Successive jailbreaks is a product of the deep rot in the PNG prison system begging to be urgently addressed.
Problems range from mostly under-funding, overcrowded cells, maybe shortage of prison vans to convey inmates to court for trial, poorly paid and unmotivated prison officials, to mention but a few.
It is true that our prisons have, over the years, been a source of concern due to overcrowding, understaffing, lack of adequate medical care, inadequate provisions for female and juvenile detainees, poor administration, long detention of those awaiting trial and limited access to legal advice and representation.
These have frequently led to poor health conditions including frequent jailbreaks.

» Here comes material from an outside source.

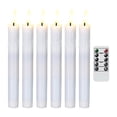 thumbnail image 2 of Flameless Taper Candles, 6 Pcs Flickering LED Candlesticks with Remote, Battery Operated - W, 2 of 8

It seems the prisons have become disciplinary centres rather than being reform schools, where persons who come in conflict with the law are sent for reformation and eventually move back into the society as better persons.
It is a failure of the entire justice system not to respect people who come in conflict with the law, not to recognise that they are presumed innocent and to treat their cases expeditiously.
It is not unnatural for a prisoner who feels hopeless and dehumanised to resort to jailbreak, especially because the system that is supposed to rehabilitate them has rather broken their spirit.
The successive jailbreaks recorded in recent times should be a wake-up call for the Government to address with the nation’s prisons.